И со своим увлечением, со своей страстью к Соломониде — гм, его прапрабабку из рода Дубровских тоже звали Соломонидой — он не знает, что делать. Не верит он в ее замужество. Вот уже два года, как он томится… Нет, уж теперь он должен добиться взаимности, и не платонической, насильственное воздержание мучит его, отбивает охоту к занятиям; он вновь готов повторить: он не виновен, что молод и не женат! Он и так отказывается от случайных встреч с казачками, и от свидания с красивой цыганкой отказался и доволен этим, считает, что его бог спас; но он измучился от своего монашеского образа жизни!

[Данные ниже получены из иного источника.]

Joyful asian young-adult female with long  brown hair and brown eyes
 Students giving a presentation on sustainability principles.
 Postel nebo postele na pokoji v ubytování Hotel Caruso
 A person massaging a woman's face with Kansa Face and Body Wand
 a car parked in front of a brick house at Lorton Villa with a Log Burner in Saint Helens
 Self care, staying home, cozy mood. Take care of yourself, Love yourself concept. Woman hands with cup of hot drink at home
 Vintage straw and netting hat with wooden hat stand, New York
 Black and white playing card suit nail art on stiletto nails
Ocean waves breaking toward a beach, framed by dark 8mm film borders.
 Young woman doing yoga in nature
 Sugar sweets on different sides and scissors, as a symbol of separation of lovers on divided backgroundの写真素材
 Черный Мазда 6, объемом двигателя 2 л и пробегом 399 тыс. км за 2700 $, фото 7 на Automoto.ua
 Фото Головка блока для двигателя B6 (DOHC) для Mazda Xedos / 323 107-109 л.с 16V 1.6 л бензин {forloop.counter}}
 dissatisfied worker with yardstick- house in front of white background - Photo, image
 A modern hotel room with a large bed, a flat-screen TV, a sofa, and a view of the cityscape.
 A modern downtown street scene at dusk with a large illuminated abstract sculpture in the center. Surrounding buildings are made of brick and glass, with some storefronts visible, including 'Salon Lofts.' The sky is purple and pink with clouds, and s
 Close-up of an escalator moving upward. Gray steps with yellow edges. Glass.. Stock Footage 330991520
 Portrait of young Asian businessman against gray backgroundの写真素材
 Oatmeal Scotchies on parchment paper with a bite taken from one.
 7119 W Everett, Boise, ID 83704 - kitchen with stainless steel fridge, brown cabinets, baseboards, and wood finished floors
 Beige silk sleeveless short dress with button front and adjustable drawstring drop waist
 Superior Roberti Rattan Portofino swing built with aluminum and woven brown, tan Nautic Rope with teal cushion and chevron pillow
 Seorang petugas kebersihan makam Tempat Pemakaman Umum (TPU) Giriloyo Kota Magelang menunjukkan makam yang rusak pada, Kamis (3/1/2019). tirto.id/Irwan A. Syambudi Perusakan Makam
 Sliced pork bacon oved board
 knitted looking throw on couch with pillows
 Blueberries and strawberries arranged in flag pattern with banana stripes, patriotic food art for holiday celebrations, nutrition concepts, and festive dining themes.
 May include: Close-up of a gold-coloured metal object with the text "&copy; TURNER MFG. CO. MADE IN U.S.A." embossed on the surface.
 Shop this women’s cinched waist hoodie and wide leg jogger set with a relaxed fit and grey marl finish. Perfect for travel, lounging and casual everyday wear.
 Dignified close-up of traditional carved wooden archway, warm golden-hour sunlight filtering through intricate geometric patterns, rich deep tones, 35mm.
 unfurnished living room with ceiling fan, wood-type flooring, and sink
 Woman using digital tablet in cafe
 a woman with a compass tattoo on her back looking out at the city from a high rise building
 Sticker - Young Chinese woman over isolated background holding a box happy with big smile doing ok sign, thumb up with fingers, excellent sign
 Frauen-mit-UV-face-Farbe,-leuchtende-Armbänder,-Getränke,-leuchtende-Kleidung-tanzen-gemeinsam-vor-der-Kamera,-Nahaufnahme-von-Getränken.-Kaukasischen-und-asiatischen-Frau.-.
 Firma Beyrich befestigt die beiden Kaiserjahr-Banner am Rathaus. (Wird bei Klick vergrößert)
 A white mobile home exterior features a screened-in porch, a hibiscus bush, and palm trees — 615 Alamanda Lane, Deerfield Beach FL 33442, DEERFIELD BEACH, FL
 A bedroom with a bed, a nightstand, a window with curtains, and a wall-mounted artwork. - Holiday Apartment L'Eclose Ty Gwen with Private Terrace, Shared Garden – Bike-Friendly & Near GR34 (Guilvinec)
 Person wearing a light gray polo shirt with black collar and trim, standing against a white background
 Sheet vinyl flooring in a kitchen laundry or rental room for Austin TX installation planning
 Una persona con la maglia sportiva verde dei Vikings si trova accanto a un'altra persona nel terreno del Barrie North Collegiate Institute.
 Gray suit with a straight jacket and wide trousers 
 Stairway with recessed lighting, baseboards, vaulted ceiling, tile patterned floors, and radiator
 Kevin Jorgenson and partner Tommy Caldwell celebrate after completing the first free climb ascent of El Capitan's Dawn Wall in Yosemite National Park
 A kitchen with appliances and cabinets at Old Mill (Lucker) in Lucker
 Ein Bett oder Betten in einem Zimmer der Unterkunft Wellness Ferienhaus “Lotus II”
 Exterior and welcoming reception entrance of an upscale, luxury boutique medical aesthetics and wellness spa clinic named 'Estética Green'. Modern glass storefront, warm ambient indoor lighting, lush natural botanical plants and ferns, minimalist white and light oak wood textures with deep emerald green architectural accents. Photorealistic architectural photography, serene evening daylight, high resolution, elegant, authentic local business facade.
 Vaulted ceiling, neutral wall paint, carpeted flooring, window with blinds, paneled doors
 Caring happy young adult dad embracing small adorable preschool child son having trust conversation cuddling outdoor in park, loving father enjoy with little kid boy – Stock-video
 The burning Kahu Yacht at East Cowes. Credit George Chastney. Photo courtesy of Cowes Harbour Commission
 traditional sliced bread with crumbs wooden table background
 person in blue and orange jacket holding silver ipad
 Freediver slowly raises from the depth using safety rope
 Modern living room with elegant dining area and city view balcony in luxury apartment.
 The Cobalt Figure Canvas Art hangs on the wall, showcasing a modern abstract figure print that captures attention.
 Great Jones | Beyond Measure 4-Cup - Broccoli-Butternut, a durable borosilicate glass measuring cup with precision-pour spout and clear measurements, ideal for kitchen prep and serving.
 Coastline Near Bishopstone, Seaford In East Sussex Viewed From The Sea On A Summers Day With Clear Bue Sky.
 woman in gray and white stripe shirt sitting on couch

Он ходил к Епишке и просил устроить встречу, но Епишка пока что отделывался обещанием. Возможно, Сехин опасался казака Михайлы, который никуда не собирался уезжать и ревновал… Зато русоволосая Федосья, пожалуй не уступавшая в красоте Соломониде, улыбалась Льву, охорашивалась при нем.

Казак-сосед пригласил его на сенокос, и целый день Толстой косил. Труд был тяжелый, рубаха взмокла, а Лев Николаевич наслаждался. Но мысль о Соломониде не выходила из головы. И он, умывшись, выпив для храбрости, стал поджидать ее у плетня. Вот она вышла, свежая, дышащая молодостью, соблазнительная как никогда. Он, рванулся к ней, заговорил быстро. Лицо его обдувало ветром, щеки горели — то ли после дня, проведенного под палящим солнцем, то ли от волнения…

Она позволила взять ее за руки, даже обнять. Потянулась к нему, обдавая горячим дыханием, шепнула в ухо:

— Завтра в это время я приду к тебе, жди. — И вырвалась, ускользнула.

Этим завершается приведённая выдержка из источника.